BIO

Degradationism is born from the genius of Federico Di Malta a visual and multimedia artist born in Thiene (VI) on 10/03/1999. He graduated in 2018 at A. Martini Art High School in Schio, specializing in figurative arts, and in 2023, he obtained a Bachelor's degree from the Academy of Fine Arts in Venice, specializing in New Technologies of Art.​​​​​​​
EXHIBITIONS & SELECTIONS   

2019

Solo Exhibition - Degradazionismo - Flex Box, Faber Box, Schio, VI. 

2021   

Photographic selection Premio Fabio Maccheroni, Ed. 2021. 

2022   

Collective exhibition  - Terre Sconnesse  - curated by the artist collective Teste Mobili, Valdagno, VI.   
Collective exhibition  - La Morte di Venezia  - Ca’ Basego, Venezia. 

2023   

Collective exhibition  - D01 - Spazio Crea, Giudecca, Venezia.   
Official selection 13th edition Ca’ Foscari Short Film Festival, Venezia.   
Opening ceremony for South Italy International Film Festival, Castello di Barletta, Barletta.   
4th edition Artefici del Nostro Tempo, Fondazione Forte Marghera, Venezia.
DEGRADATIONISM 

His creative research focuses on the study and analysis of the instant in its aesthetic, mnemonic, conceptual, and perceptual forms, which finds its dissolution in what the artist calls Degradationism. This refers to the relentless and inseparable process through which our senses, particularly our eyes, are constantly subjected to an informational database of images, contacts, smells, tastes, and sounds, distracting us from the true moment of knowledge, consciousness, and creation—The Instant.

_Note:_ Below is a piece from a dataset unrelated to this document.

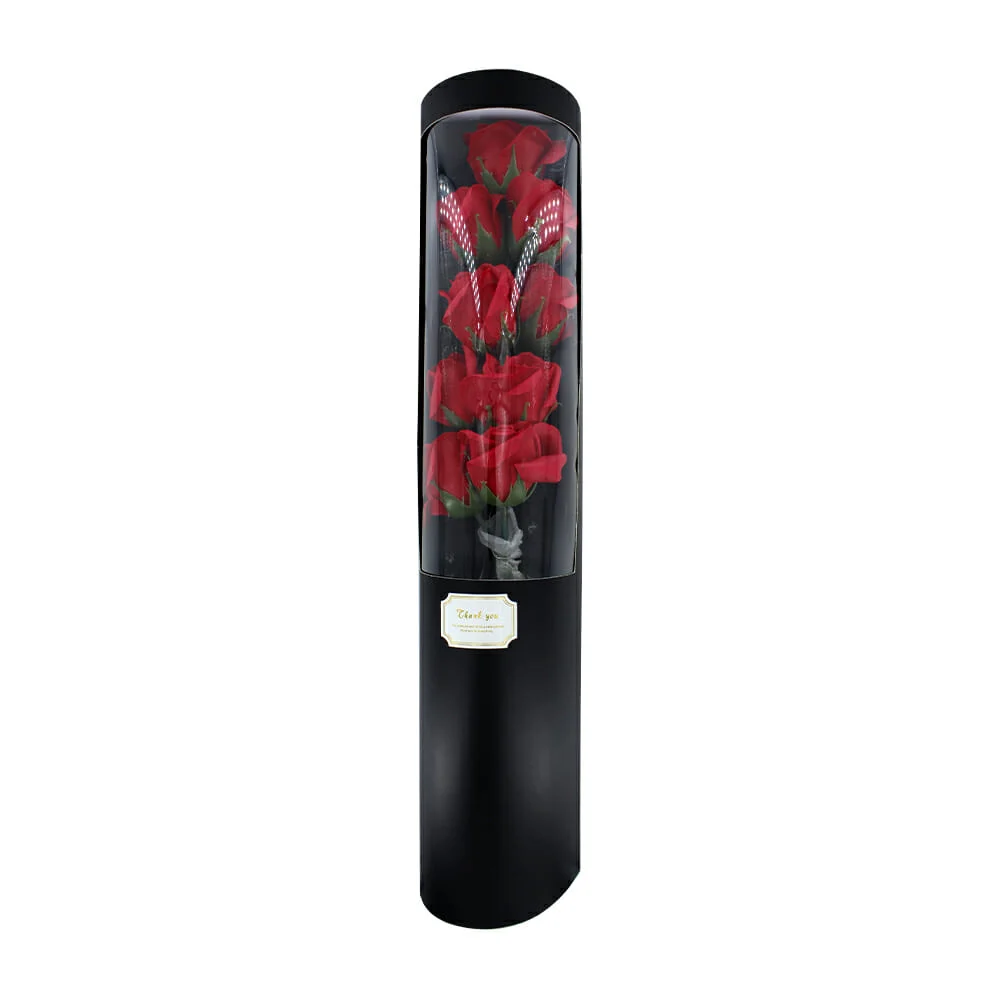 Ramo de 9 rosas artificiales con aroma y serie de luz led cálida, var…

Drawing a visual comparison with the world of cinema, we can define the memory of a human existence by likening it to the entire duration of a film. Firstly, we know that the fundamental unit of cinema is the frame. In terms of memory, it can be compared to a recollection, but for a recollection to exist, it requires an even more microscopic fundamental unit—a keystone capable of reconstructing the entire memory within itself at the moment of recall: The Instant.

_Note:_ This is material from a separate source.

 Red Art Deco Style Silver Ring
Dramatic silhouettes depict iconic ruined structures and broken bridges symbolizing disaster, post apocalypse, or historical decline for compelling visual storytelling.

This is possible because the instant represents a breaking point between an ordinary past and an unusual future, effectively marking the course of our lives and constantly altering it. However, our mind tends to destroy the spatiotemporal context of the event that our memory retains, leaving only the instant alive, enabling the recreation of the entire memory through a complex process of induction. 

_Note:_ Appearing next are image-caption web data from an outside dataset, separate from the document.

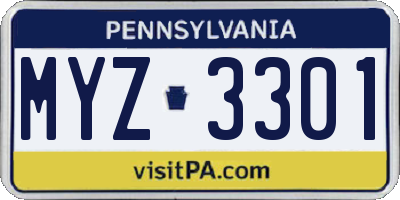 PA license plate MYZ3301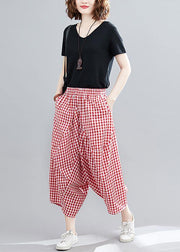 Casual Red Plaid Large Women's Elastic Waist Pants - SooLinen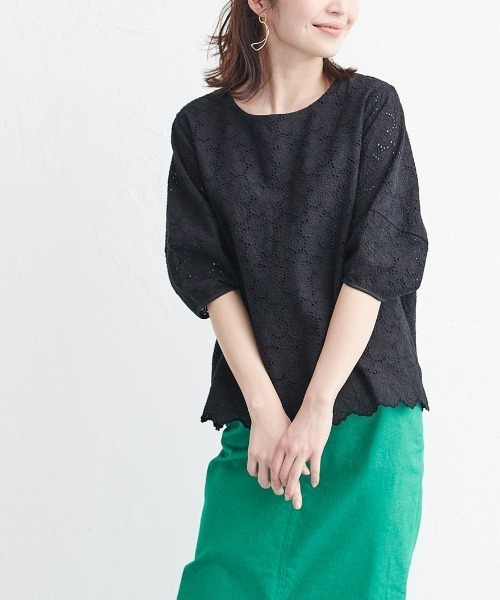 RANAN（ラナン）の「綿100%花柄カットワークレースブラウス（シャツ/ブラウス・レディース・ホワイト/ブラック/ミント/オレンジ/ネイビー・M/L/3L/LL）」の18枚目の写真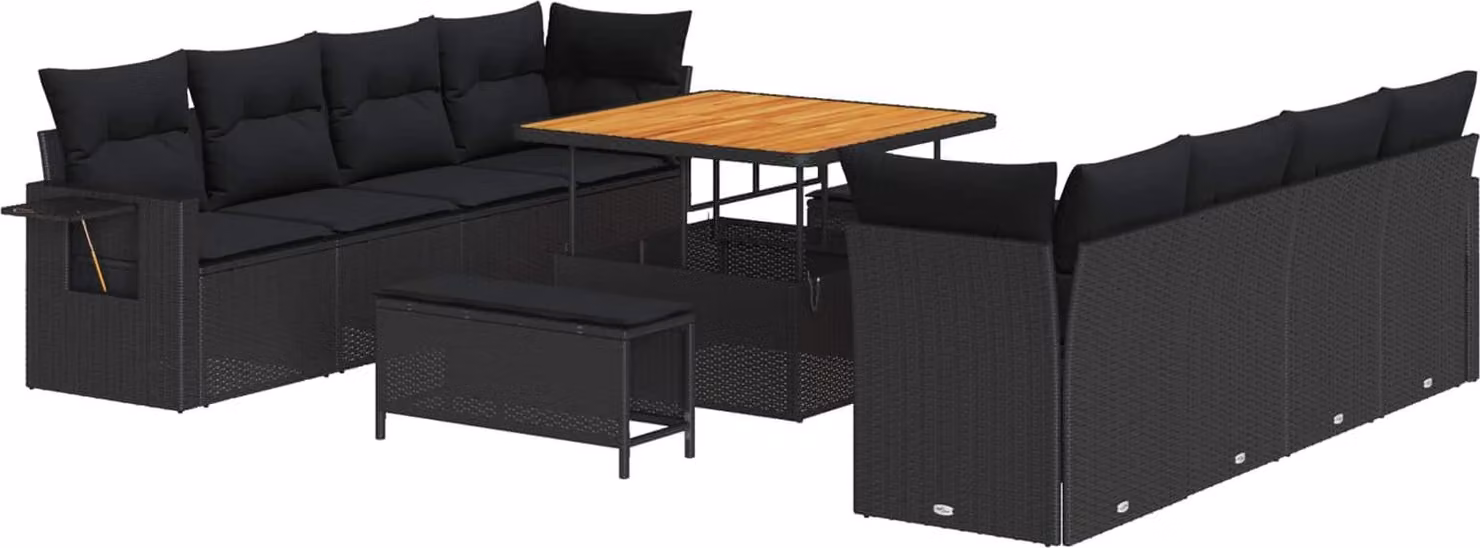 Set Divano da Giardino con cuscino 11 pcs Nero Poly Rattan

Similarly, our senses cognitively record the reality of an instant in a minimal part, so reduced that it can be translated into a physical form as a point extremely vivid and sharp, resulting in a "punctum" (to paraphrase Roland Barthes) that is "piercing."

As we move away from the instant, our senses undergo a process of degradation of things, where everything appears blurry, deformed, or undefined, reaching the extreme climax of accidental chaos known as De-gradation, the loss of reality's degree.